#### DATASET EXCERPTS ####

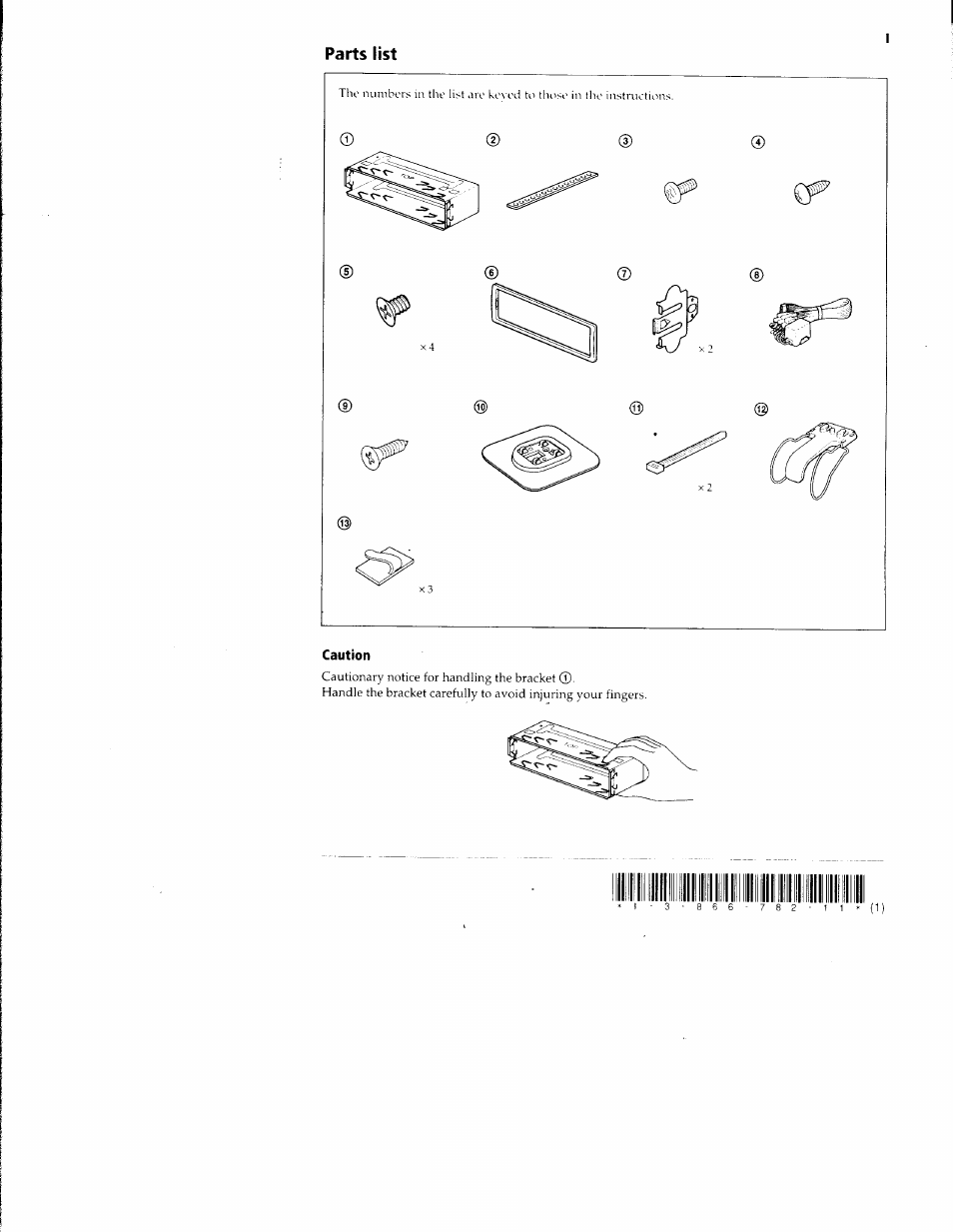 Caution, Parts list | Sony CDX-C8850 User Manual | Page 44 / 52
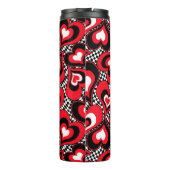 ハート、赤、黒、白、バレンタインデー。 タンブラー (裏面)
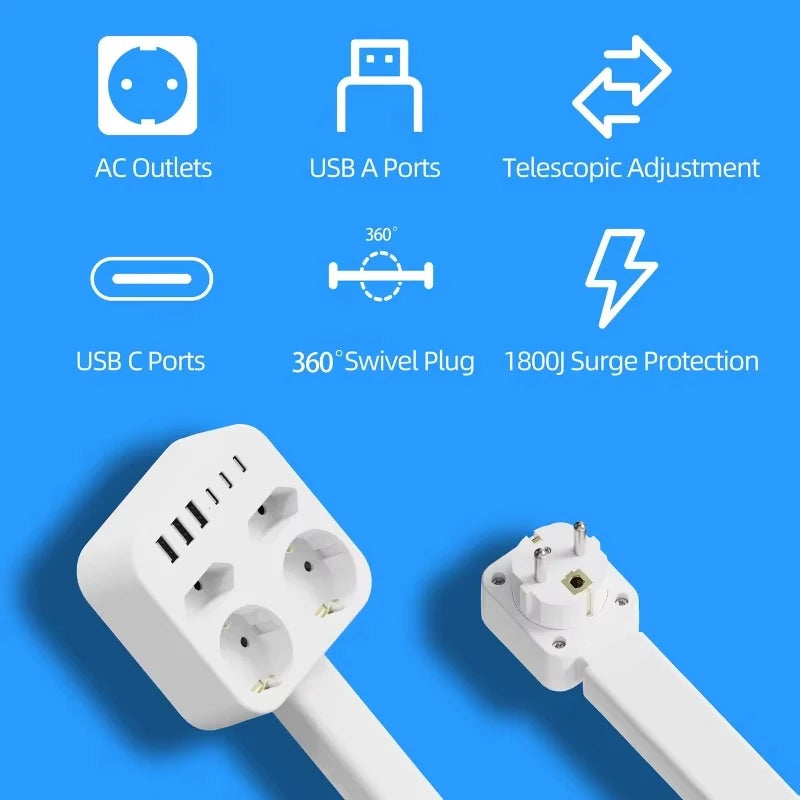 Power Outlet Extender Power Socket Expander 2xAC Sockets 1xUSB A 1xUSB C Plug and Play 180 Degree Rotatable Versatile for Sofa Vue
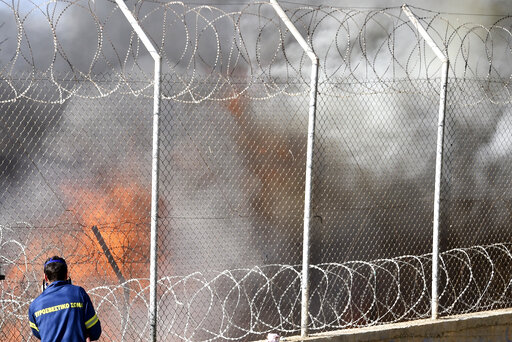 Fire Burns Tents, Structures In Greek Refugee Camp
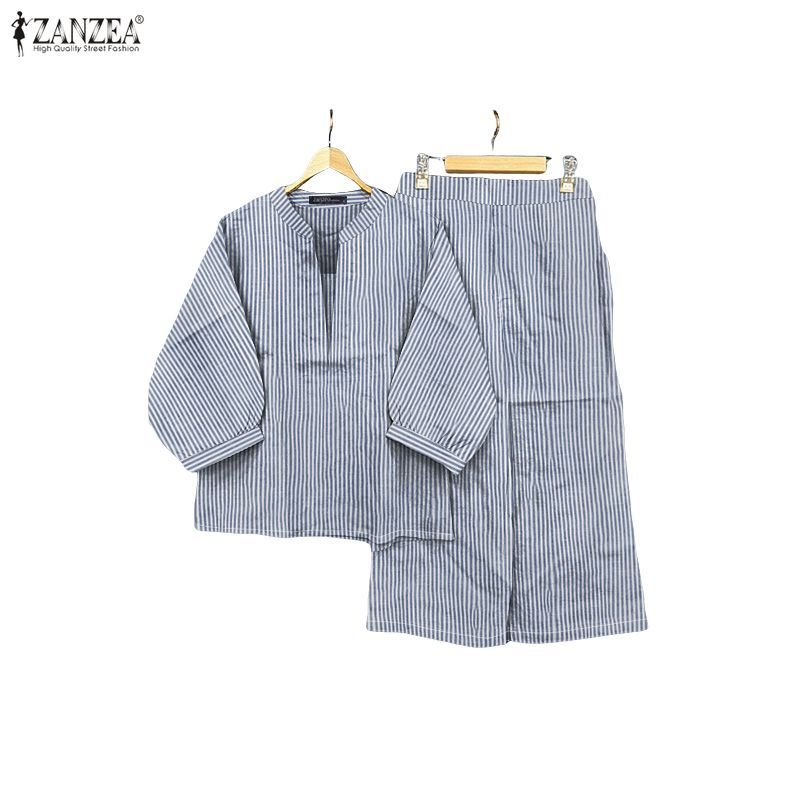 ZANZEA ชุดทำงานลำลองสำหรับผู้หญิง สไตล์เกาหลี V-neck 3/4 แขน กางเกงขากว้างเอวยางยืด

####

TASK DESCRIPTION: Pictures omitted, give the entries again exactly.

PROBLEM SOLUTION:
 Caution, Parts list | Sony CDX-C8850 User Manual | Page 44 / 52
 ハート、赤、黒、白、バレンタインデー。 タンブラー (裏面)
 Power Outlet Extender Power Socket Expander 2xAC Sockets 1xUSB A 1xUSB C Plug and Play 180 Degree Rotatable Versatile for Sofa Vue
 Fire Burns Tents, Structures In Greek Refugee Camp
 ZANZEA ชุดทำงานลำลองสำหรับผู้หญิง สไตล์เกาหลี V-neck 3/4 แขน กางเกงขากว้างเอวยางยืด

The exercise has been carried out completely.